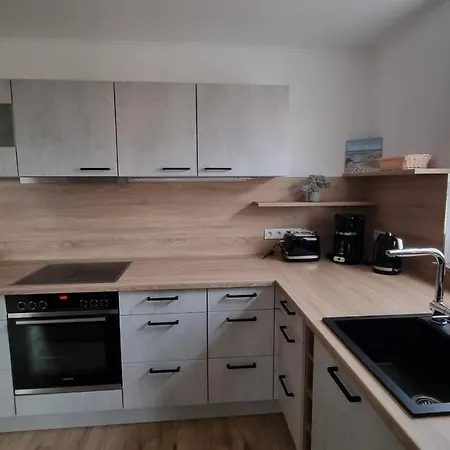 Appartement Ferienunterkunft Ruegen 3, 108, Insel Ruegen Alt Reddevitz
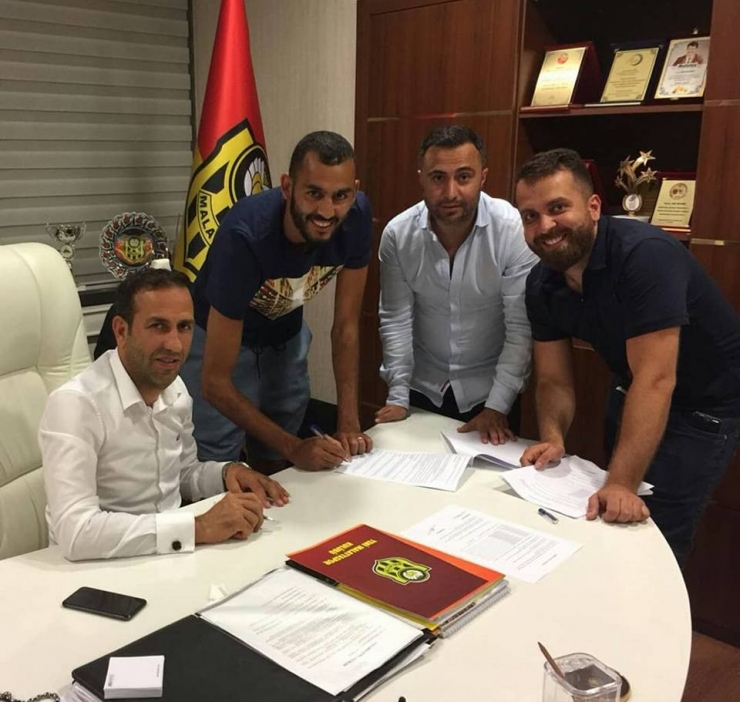Yeni Malatyaspor’da 4 İmza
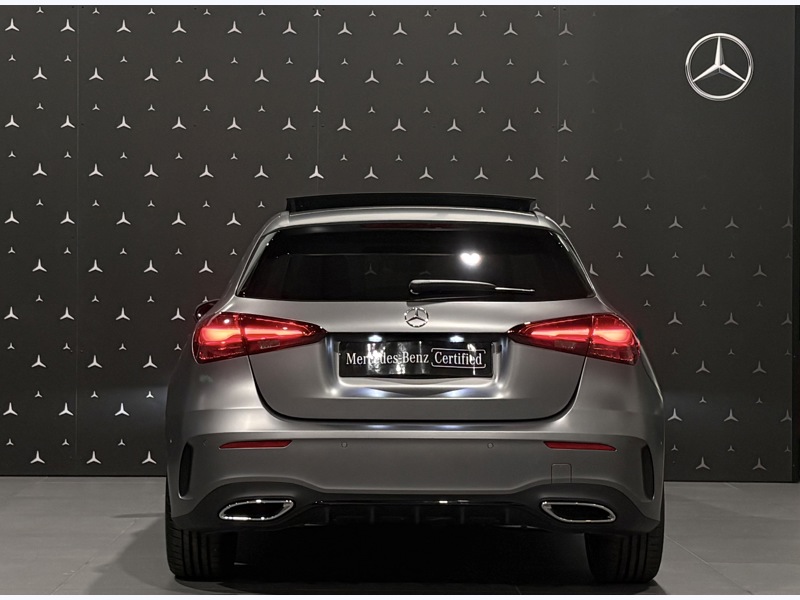 Image Mercedes-Benz CLASSE A 200 AMG Line AMG Line 1770 Classe A 200 AMG Line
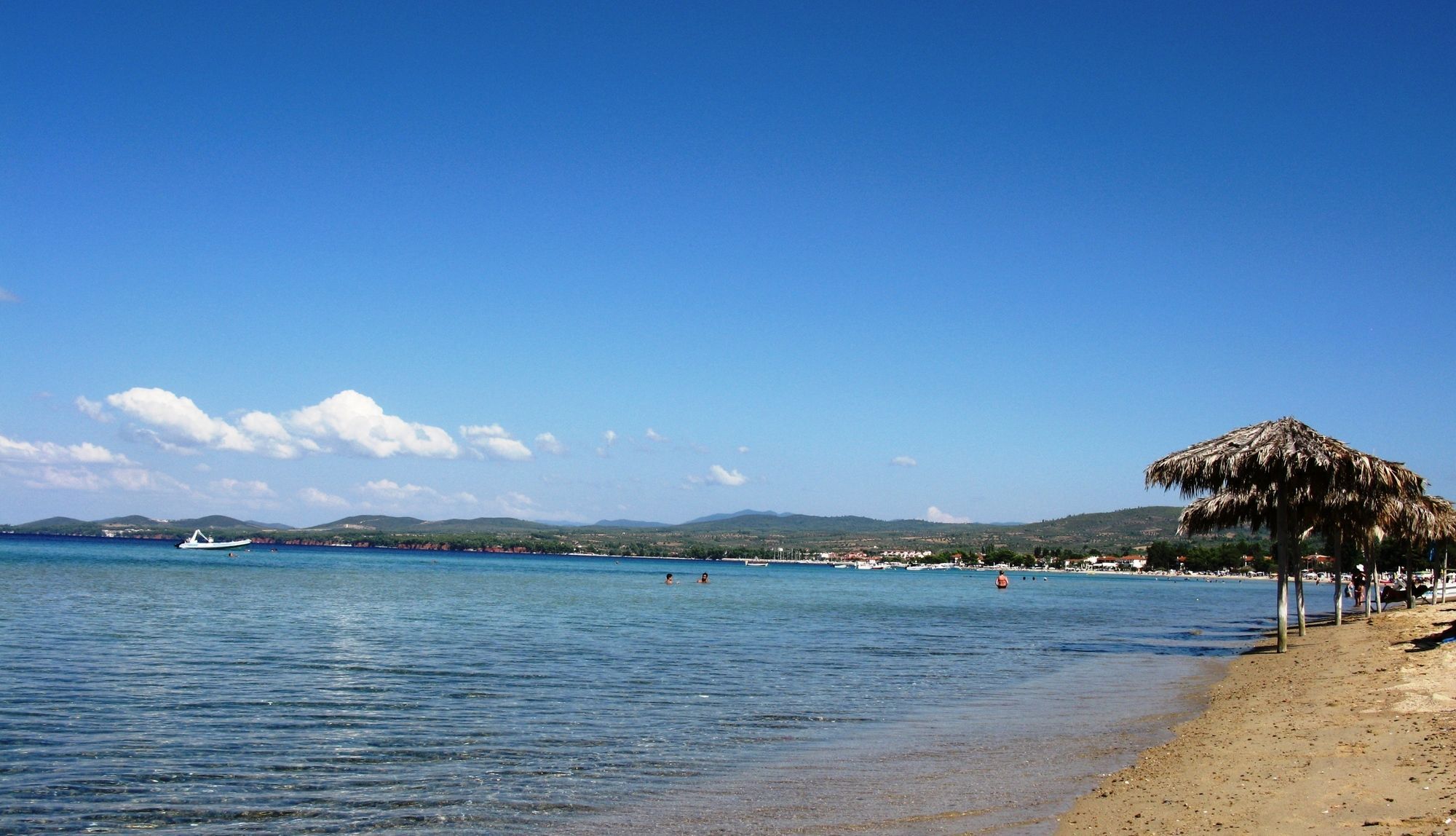 Geranion Village Sithonia Exterior foto
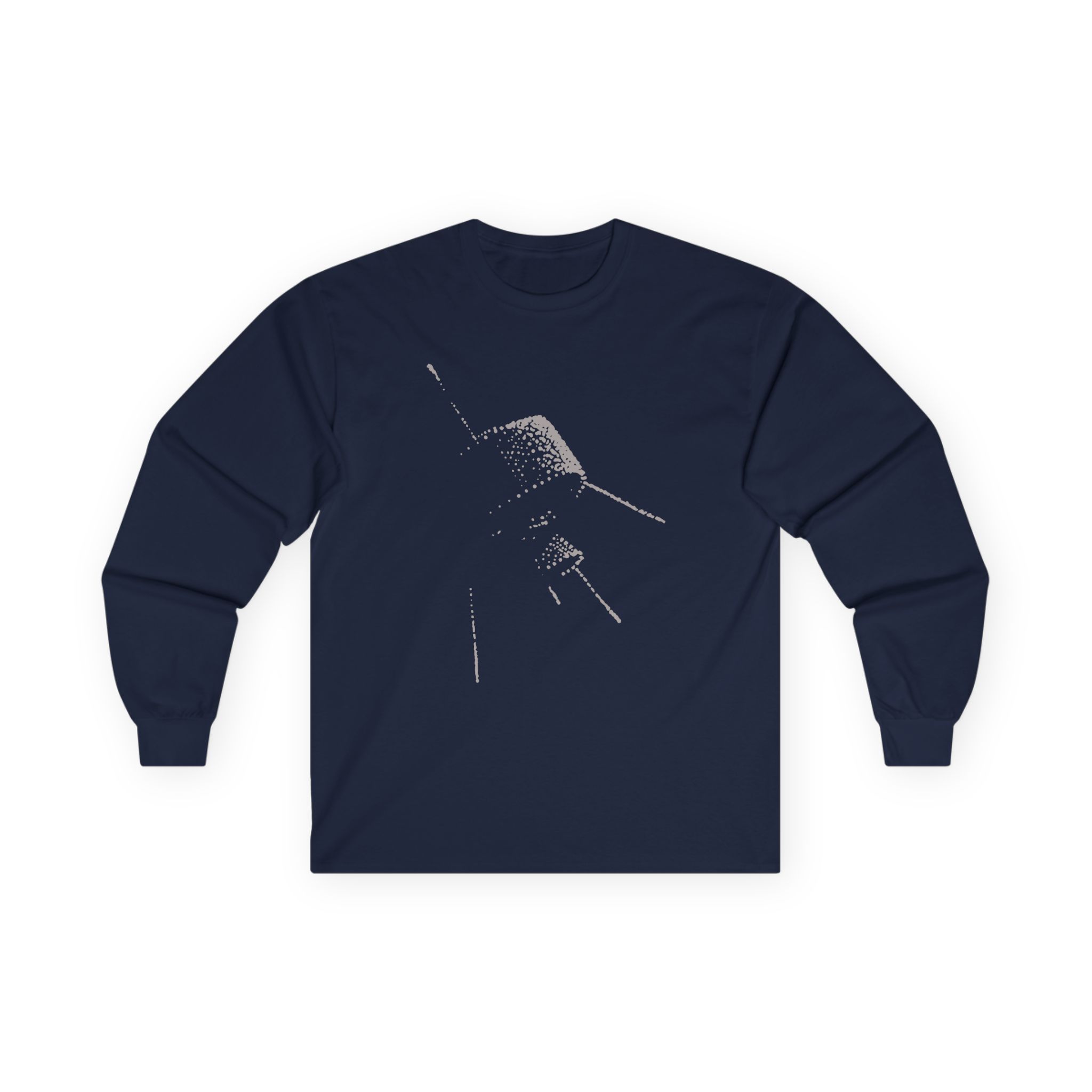 Cave in Stone Satellite Unisex Ultra Cotton Long Sleeve Tee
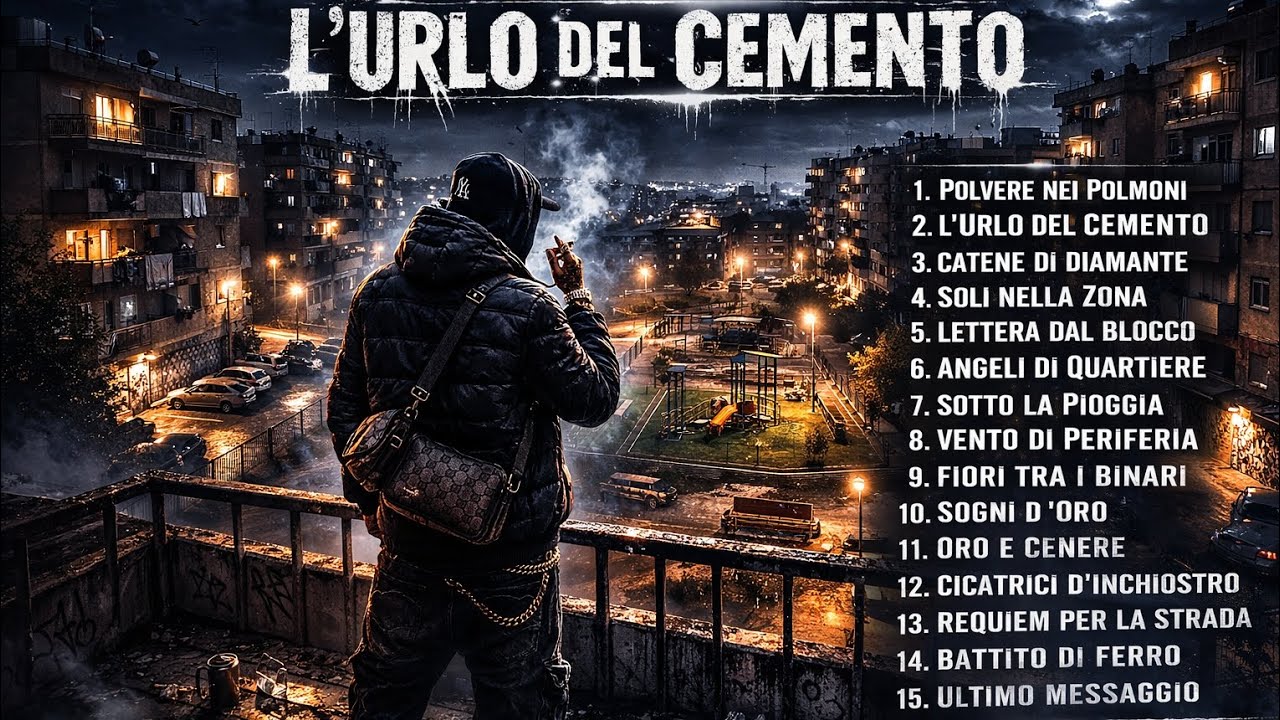 SOLOELLE - VENTO DI PERIFERIA 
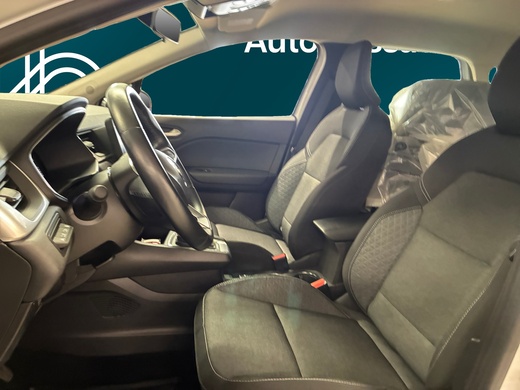 Renault Captur vaihtoauto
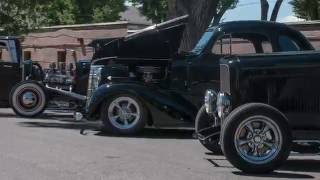 Colorado NSRA Hot Rod Nationals [upl. by Ruthie941]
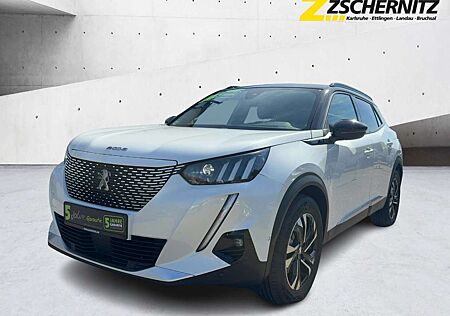 Peugeot 2008 e- Elektromotor 136 GT Navi Kamera Totwinkel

§ EXERCISE AIM: Give back the data exactly. Pictures stay out.

§ OUTPUT FOR THIS TASK:
 Appartement Ferienunterkunft Ruegen 3, 108, Insel Ruegen Alt Reddevitz
Yeni Malatyaspor’da 4 İmza
 Image Mercedes-Benz CLASSE A 200 AMG Line AMG Line 1770 Classe A 200 AMG Line
 Geranion Village Sithonia Exterior foto
 Cave in Stone Satellite Unisex Ultra Cotton Long Sleeve Tee
 SOLOELLE - VENTO DI PERIFERIA 
 Renault Captur vaihtoauto
 Colorado NSRA Hot Rod Nationals [upl. by Ruthie941]
 Peugeot 2008 e- Elektromotor 136 GT Navi Kamera Totwinkel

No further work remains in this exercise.